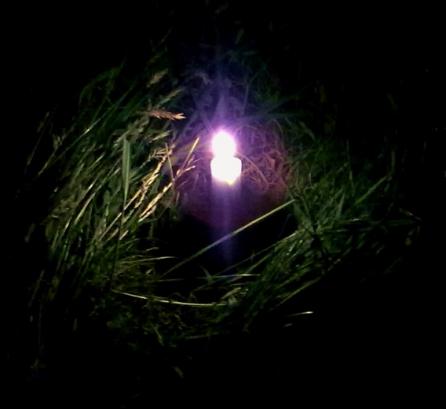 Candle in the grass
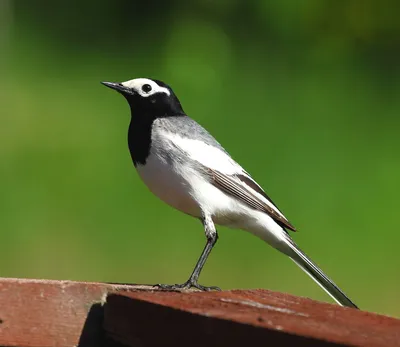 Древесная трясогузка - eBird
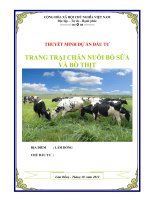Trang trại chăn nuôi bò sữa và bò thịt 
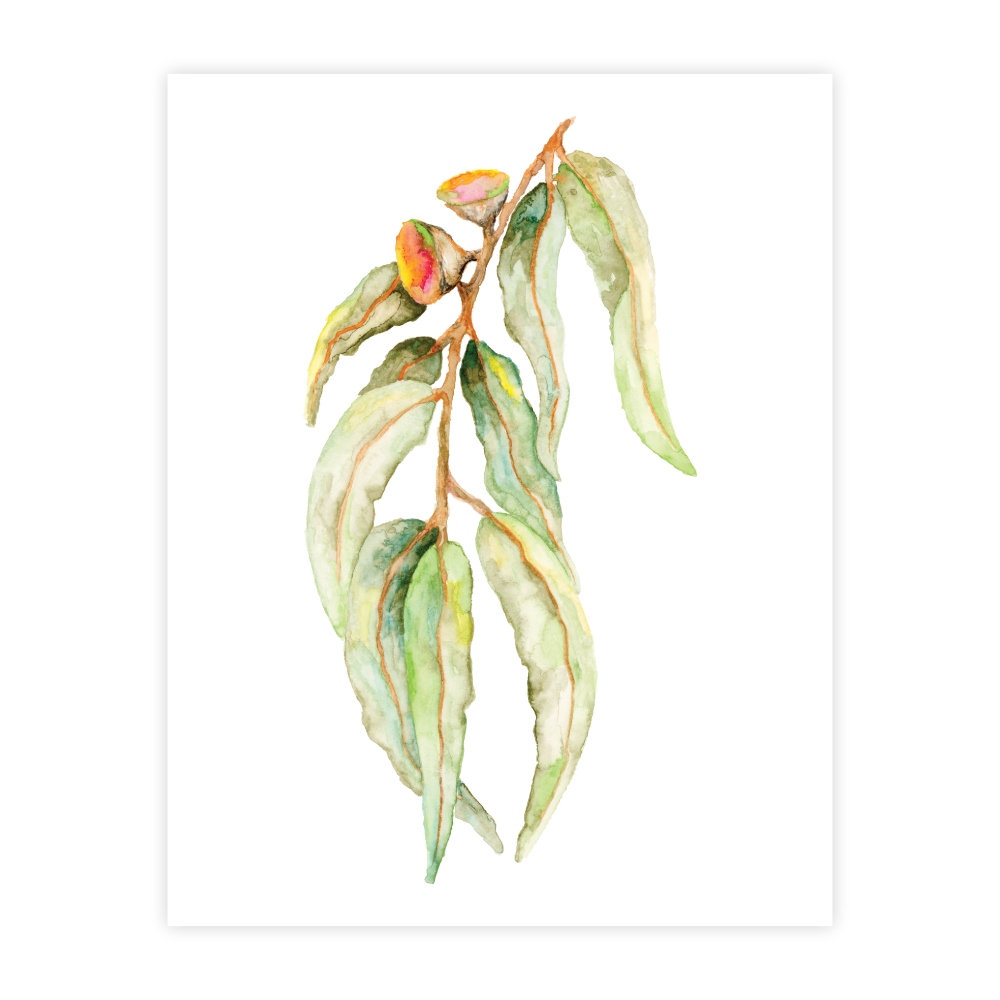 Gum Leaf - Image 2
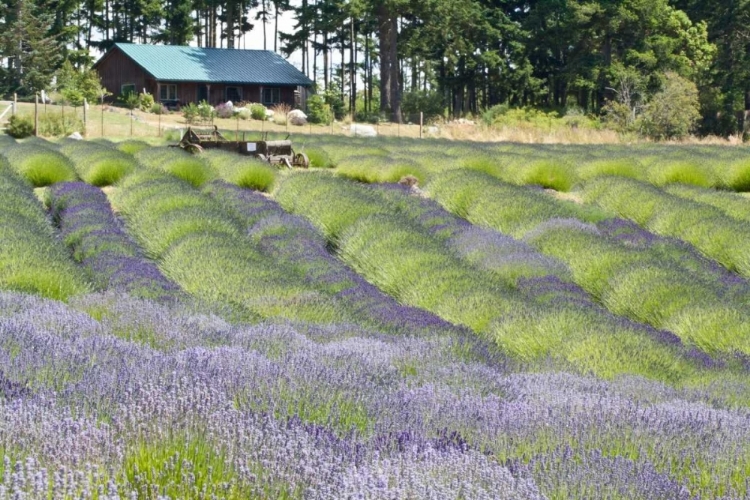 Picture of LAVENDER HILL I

*****

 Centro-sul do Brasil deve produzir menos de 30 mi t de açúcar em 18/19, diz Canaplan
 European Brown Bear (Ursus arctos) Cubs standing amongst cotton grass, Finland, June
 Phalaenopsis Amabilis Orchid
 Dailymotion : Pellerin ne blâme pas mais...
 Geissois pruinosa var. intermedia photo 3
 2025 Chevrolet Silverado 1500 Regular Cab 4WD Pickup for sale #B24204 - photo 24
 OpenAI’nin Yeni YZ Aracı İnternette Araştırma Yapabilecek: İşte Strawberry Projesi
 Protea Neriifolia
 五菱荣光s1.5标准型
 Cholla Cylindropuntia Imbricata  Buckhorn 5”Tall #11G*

*****

> [WORK INSTRUCTION] Every line of the listing that includes the word "photo" must be copied.

> [SOLVED EXERCISE]
 Geissois pruinosa var. intermedia photo 3
 2025 Chevrolet Silverado 1500 Regular Cab 4WD Pickup for sale #B24204 - photo 24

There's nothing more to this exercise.